The Japanese pork katsu sando counts among those craveable dishes that draw attention on social media before they’re even readily available in a given market. The allure? Fluffy, snow-white slices of milk bread called shokupan conform like a topographic map around a thick slab of breaded and fried pork cutlet. Add some glistening greens and a drippy sauce, and you have a TikTok star.

But the katsu sando’s online ubiquity stands in inverse proportion to its presence in Denver restaurants.

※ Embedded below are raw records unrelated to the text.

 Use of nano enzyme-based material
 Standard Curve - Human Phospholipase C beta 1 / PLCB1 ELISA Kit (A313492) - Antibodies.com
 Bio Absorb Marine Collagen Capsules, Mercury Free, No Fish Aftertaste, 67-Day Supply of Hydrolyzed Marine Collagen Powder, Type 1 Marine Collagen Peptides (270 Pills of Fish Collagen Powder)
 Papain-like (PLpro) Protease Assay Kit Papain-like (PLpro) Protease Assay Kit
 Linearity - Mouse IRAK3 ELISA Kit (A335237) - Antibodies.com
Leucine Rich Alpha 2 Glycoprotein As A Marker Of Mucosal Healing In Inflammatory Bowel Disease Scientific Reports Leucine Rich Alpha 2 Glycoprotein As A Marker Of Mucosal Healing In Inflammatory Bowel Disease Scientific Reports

It goes back to that shokupan; it’s crucial to the overall texture, appearance, and taste of many Japanese sandwiches, but it’s tricky to bake. Pastry chef William O’Leary is one of the few locals attempting it, specifically for 18-month-old Highland sushi bar and izakaya Kumoya’s katsu sando. Here, the bread is sliced relatively thin and shorn of its crusts before being layered with crisp-coated Berkshire pork (tender and thoroughly toothsome), light napa cabbage slaw, Asian pear, savory-sweet tonkatsu sauce, and a swipe of curry aïoli. The sandwich comes cut into fat quarters run through with bamboo skewers to maintain their eye-pleasing symmetry and geometry.

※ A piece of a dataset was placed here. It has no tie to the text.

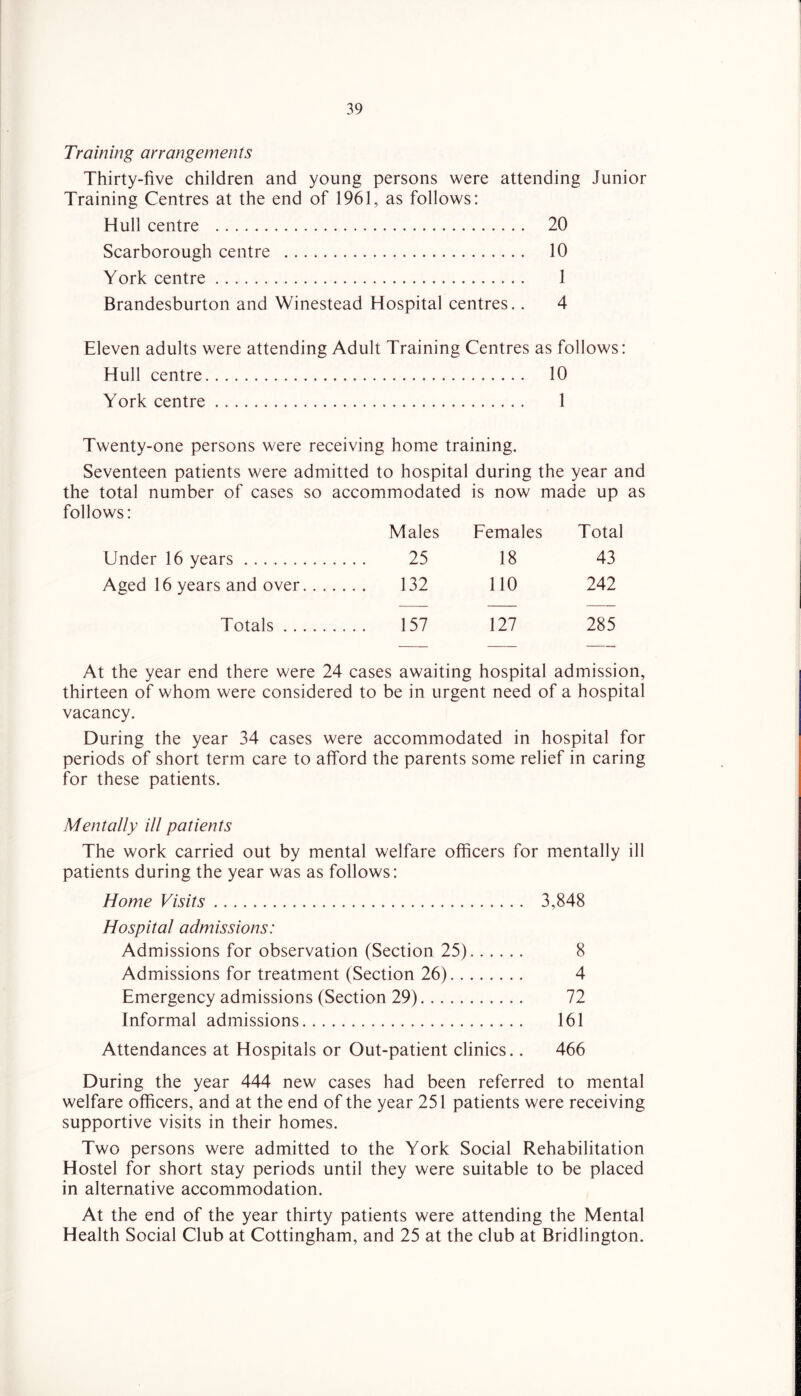 Training arrangements Thirty-five children and young persons were attending Junior Training Centres at the end of 1961, as follows: Hull centre 20 Scarborough centre 10 York centre 1 Brandesburton and Winestead Hospital centres.. 4 Eleven adults were attending Adult Training Centres as follows: Hull centre 10 York centre 1 Twenty-one persons were receiving home training. Seventeen patients were admitted to hospital during the year and the total number of cases so accommodated is now made up as follows: Males Females Total Under 16 years 25 18 43 Aged 16 years and over 132 110 242 Totals 157 127 285 At the year end there were 24 cases awaiting hospital admission, thirteen of whom were considered to be in urgent need of a hospital vacancy. During the year 34 cases were accommodated in hospital for periods of short term care to afford the parents some relief in caring for these patients. Mentally ill patients The work carried out by mental welfare officers for mentally ill patients during the year was as follows: Home Visits 3,848 Hospital admissions: Admissions for observation (Section 25) 8 Admissions for treatment (Section 26) 4 Emergency admissions (Section 29) 72 Informal admissions 161 Attendances at Hospitals or Out-patient clinics.. 466 During the year 444 new cases had been referred to mental welfare officers, and at the end of the year 251 patients were receiving supportive visits in their homes. Two persons were admitted to the York Social Rehabilitation Hostel for short stay periods until they were suitable to be placed in alternative accommodation. At the end of the year thirty patients were attending the Mental Health Social Club at Cottingham, and 25 at the club at Bridlington.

If this is your introduction into yoshoku—Japanese versions of Western foods—enjoy the sando as a shared appetizer before diving into Kumoya’s always-impressive list of more traditional sushi and small plates. Or grab a stool at the sultry back bar and keep the whole thing to yourself, sided with a cocktail or a glass of chewy, unfiltered nigori sake. —Mark Antonation

Read More: Kumoya Brings Rare-in-Denver Dry-Aged Fish and Other Delicious Japanese Eats to LoHi


2. Pork Tenderloin

  • From: Bull & Bush Brewery
  • Address: 4700 Cherry Creek S. Dr., Denver (Glendale)
  • Sandwich origin: Indiana

The pork tenderloin sandwich may have been created by an Indiana restaurateur of German descent in the early 1900s, but some of its best expressions today are served in Iowa, where fair food absurdity is celebrated year-round. In fact, on the menu at Glendale’s Bull & Bush Brewery—which opened in 1971 and added a suds operation in 1996—it’s called the Iowa State Fair Sandwich. Here, the numbers that make this iteration a blue-ribbon winner. —JL

30: Minutes Bull & Bush’s cooks spend every day hammering pork tenderloins with a mallet to get the meat wide and thin

4:1: The ratio of the breaded pork loin to the bun, which appears comically small (and rightly so)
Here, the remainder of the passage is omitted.